Para além de apenas parar, o estudo também observou quanto tabaco as pessoas utilizavam se não parassem completamente. Os dados mostraram que o grupo de aconselhamento presencial foi altamente eficaz na redução do consumo. Os fumadores neste grupo reduziram o seu consumo diário de cigarros em média mais de sete paus por dia, e os que mascavam tabaco reduziram o seu uso em quase seis vezes por dia. Estas reduções foram muito maiores do que as observadas nos outros grupos.

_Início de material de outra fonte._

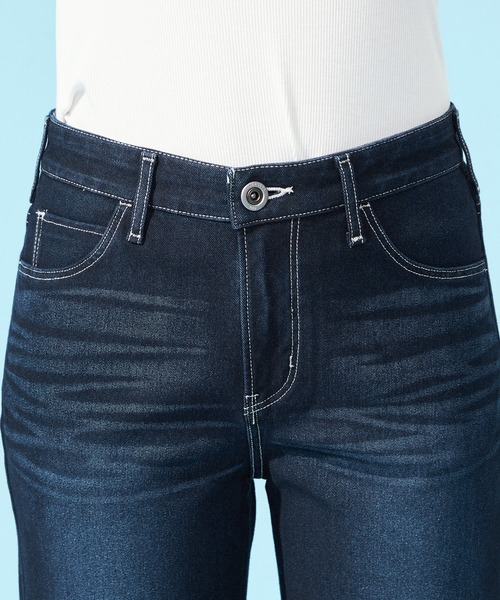 EDWIN（エドウィン）の「EDWIN LADIES ジャージーズ COOL ワイドデニムパンツ【涼】【2025年モデル】（デニムパンツ・レディース・オリーブ/アイボリー/ダークインディゴブルー/ライトインディゴブルー・X-LARGE/SMALL/MEDIUM/LARGE/X-SMALL）」の17枚目の写真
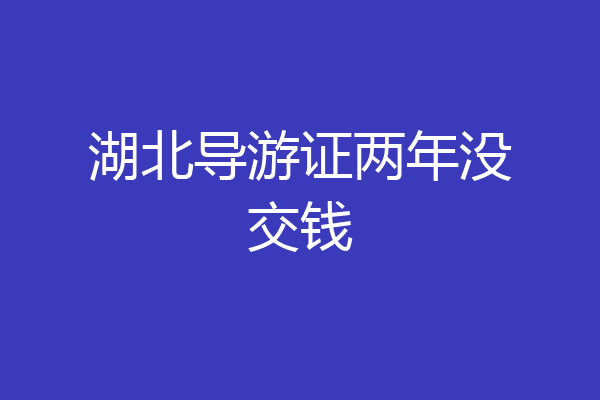 湖北导游证两年没交钱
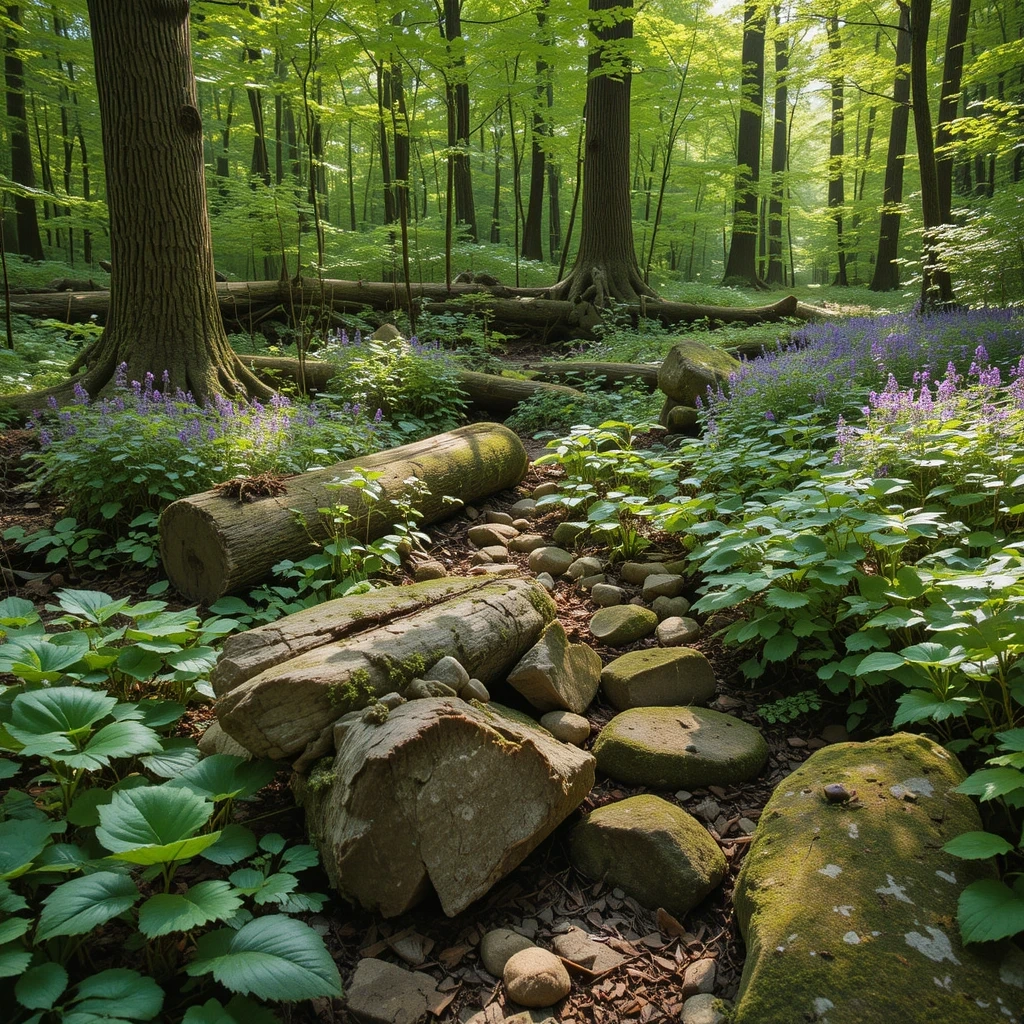 Woodland Wildflower Naturalistic Planting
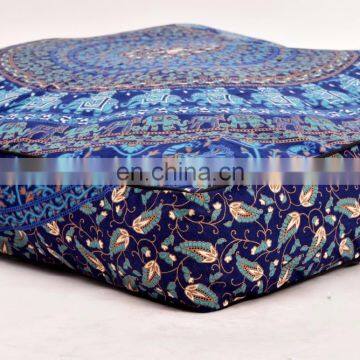 Cotton Cushion Cover Dog Bed Pillow Case Indian Handmade Square Ottoman Poufs Floor Pillow Cover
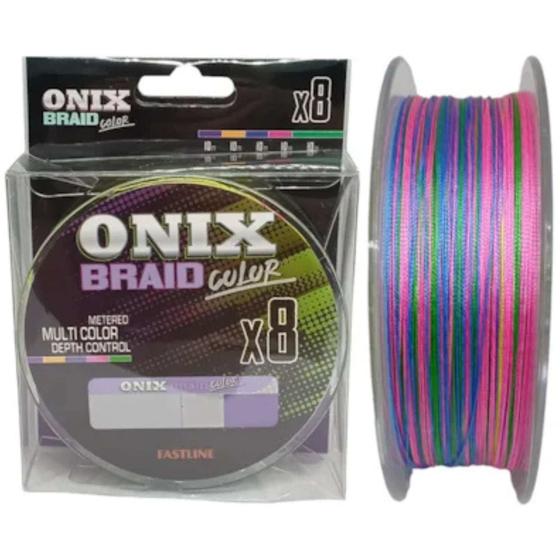 Imagem de Linha Multicolor de Pescaria Pesca Fastline Onix Braid Color X8 5 65lb 300m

O estudo também notou que o conhecimento sobre os perigos do tabaco cresceu significamente em todos os grupos, mas os braços de aconselhamento estruturado viram as mudanças mais dramáticas nas crenças, com quase todos os participantes nos grupos de aconselhamento acabarem por concordar que o tabaco é viciante.

Os investigadores concluíram que o modelo padrão de aconselhamento presencial é uma ferramenta poderosa e eficaz para ajudar as pessoas a deixar o tabaco em contextos de cuidados primários rurais. Descobriram que, embora adicionar o apoio por telemóvel não tenha ajudado os fumadores a parar mais do que o aconselhamento isolado, foi um divisor de águas para os utilizadores de tabaco sem fumo. Isto sugere que uma abordagem de "tamanho único" pode não ser o uso mais eficiente dos recursos. Em vez disso, os programas de saúde poderiam potencialmente adaptar as suas estratégias: baseando-se num aconselhamento direto e forte para fumadores, enquanto garantem que os utilizadores de tabaco sem fumo recebam esse mesmo aconselhamento seguido de contactos regulares via telemóvel. O estudo fornece evidências claras de que conversas simples e estruturadas em clínicas locais podem salvar vidas, e que um pouco de apoio extra através de uma chamada telefónica pode fazer uma grande diferença para o grupo certo de pessoas.